··· Supplied records ···
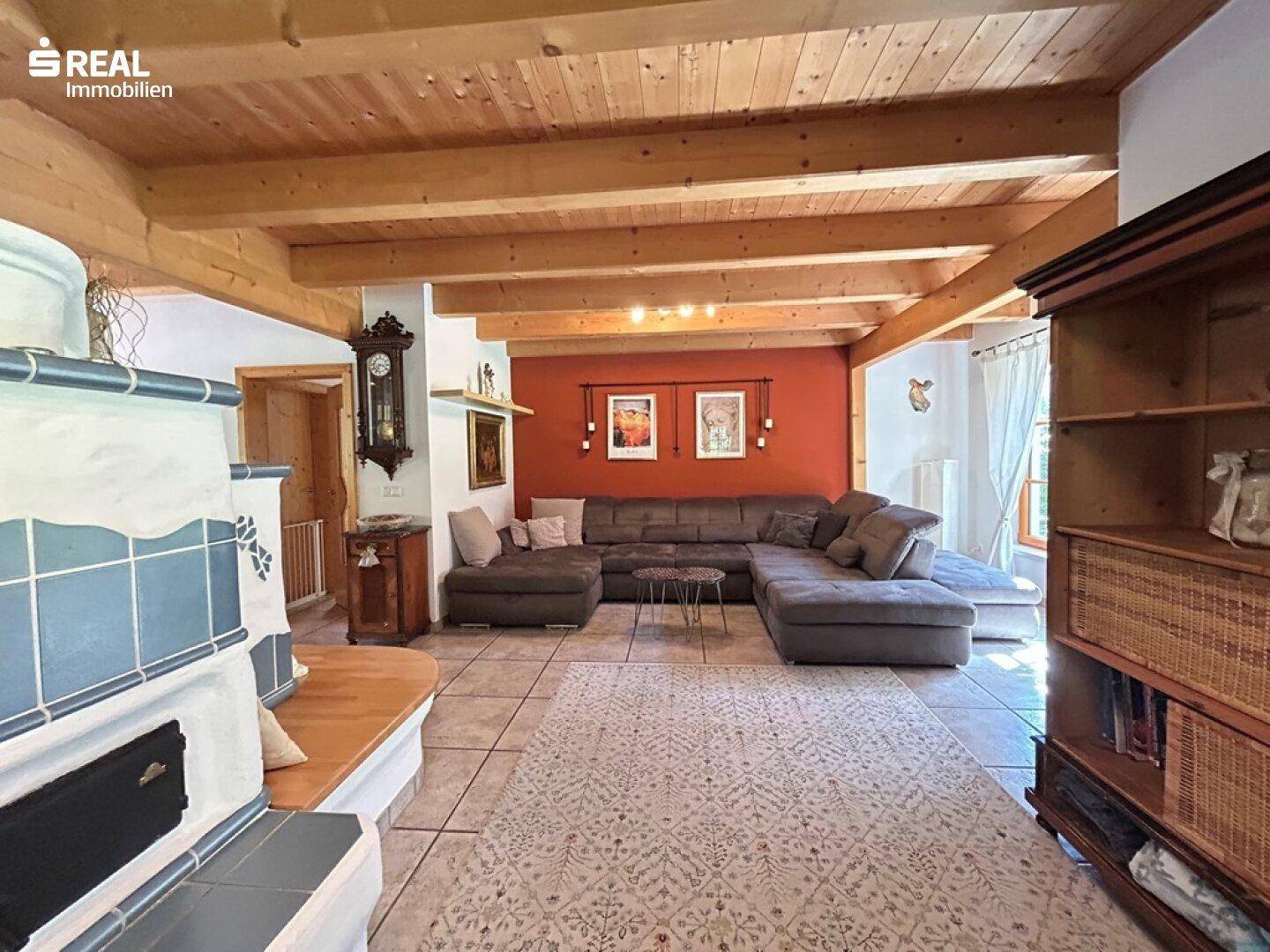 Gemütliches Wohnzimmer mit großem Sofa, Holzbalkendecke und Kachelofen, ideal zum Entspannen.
···
··· Supplied records ···
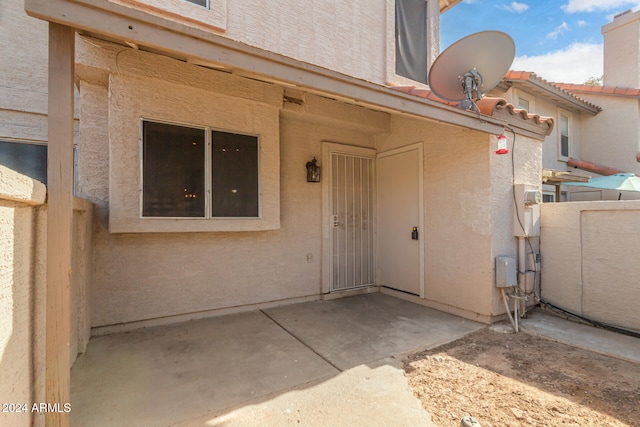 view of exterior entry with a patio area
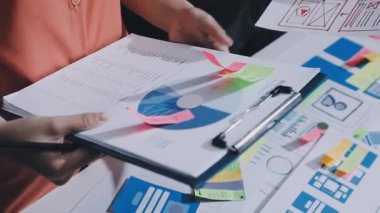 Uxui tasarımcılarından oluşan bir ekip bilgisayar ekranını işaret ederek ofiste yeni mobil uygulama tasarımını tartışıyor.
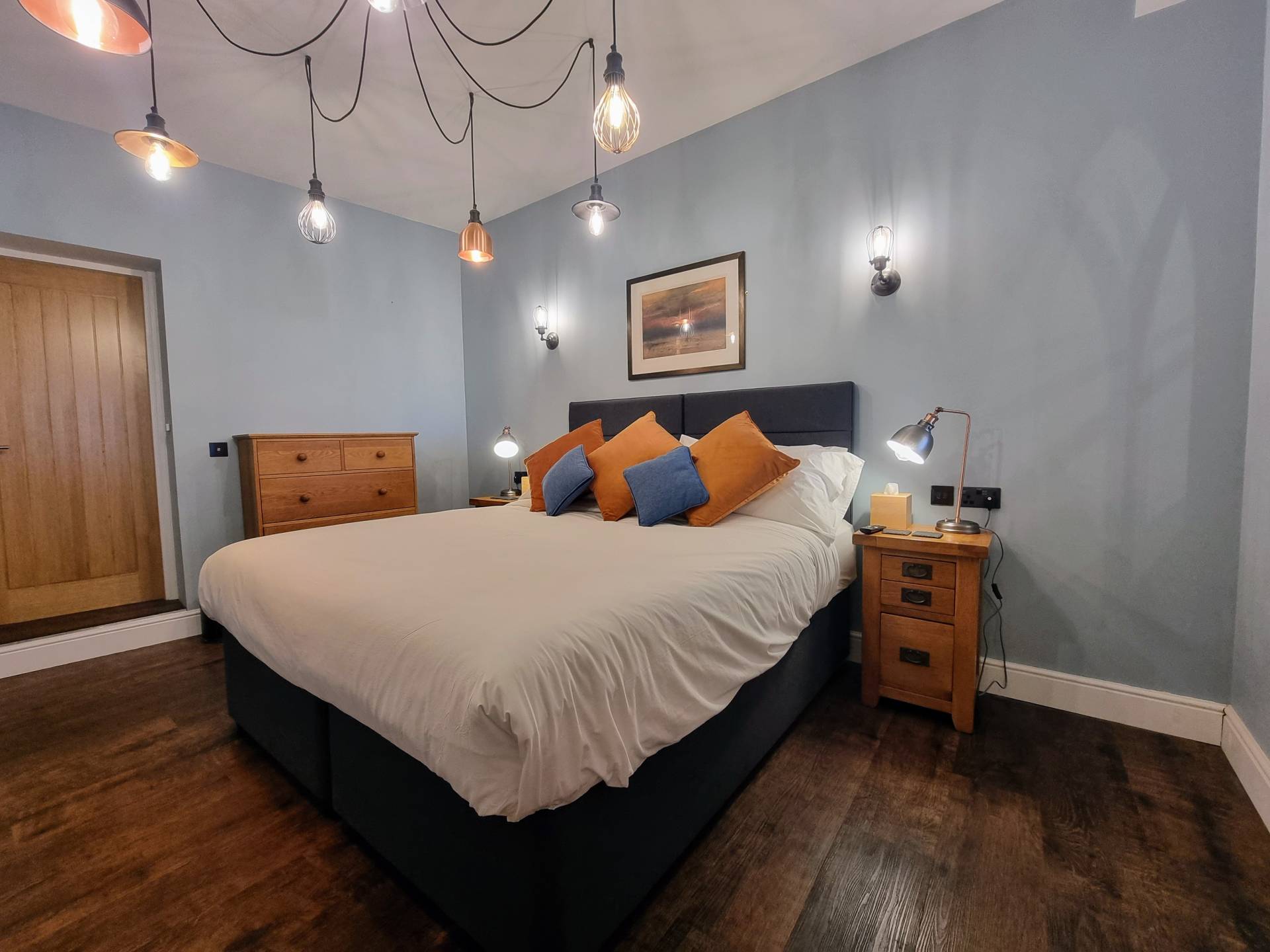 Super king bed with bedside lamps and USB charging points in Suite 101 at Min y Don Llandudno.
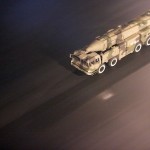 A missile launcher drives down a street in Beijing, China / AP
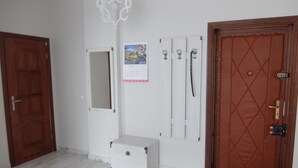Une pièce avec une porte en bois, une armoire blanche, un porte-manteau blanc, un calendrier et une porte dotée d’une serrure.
···
## Problem description
Copy word for word the span of the records above that begins at the line with "Uxui tasarımcılarından oluşan" and ends at the line with "Une pièce avec", including those two lines but not the pictures.

## Solution to the problem
 Uxui tasarımcılarından oluşan bir ekip bilgisayar ekranını işaret ederek ofiste yeni mobil uygulama tasarımını tartışıyor.
 Super king bed with bedside lamps and USB charging points in Suite 101 at Min y Don Llandudno.
 A missile launcher drives down a street in Beijing, China / AP
Une pièce avec une porte en bois, une armoire blanche, un porte-manteau blanc, un calendrier et une porte dotée d’une serrure.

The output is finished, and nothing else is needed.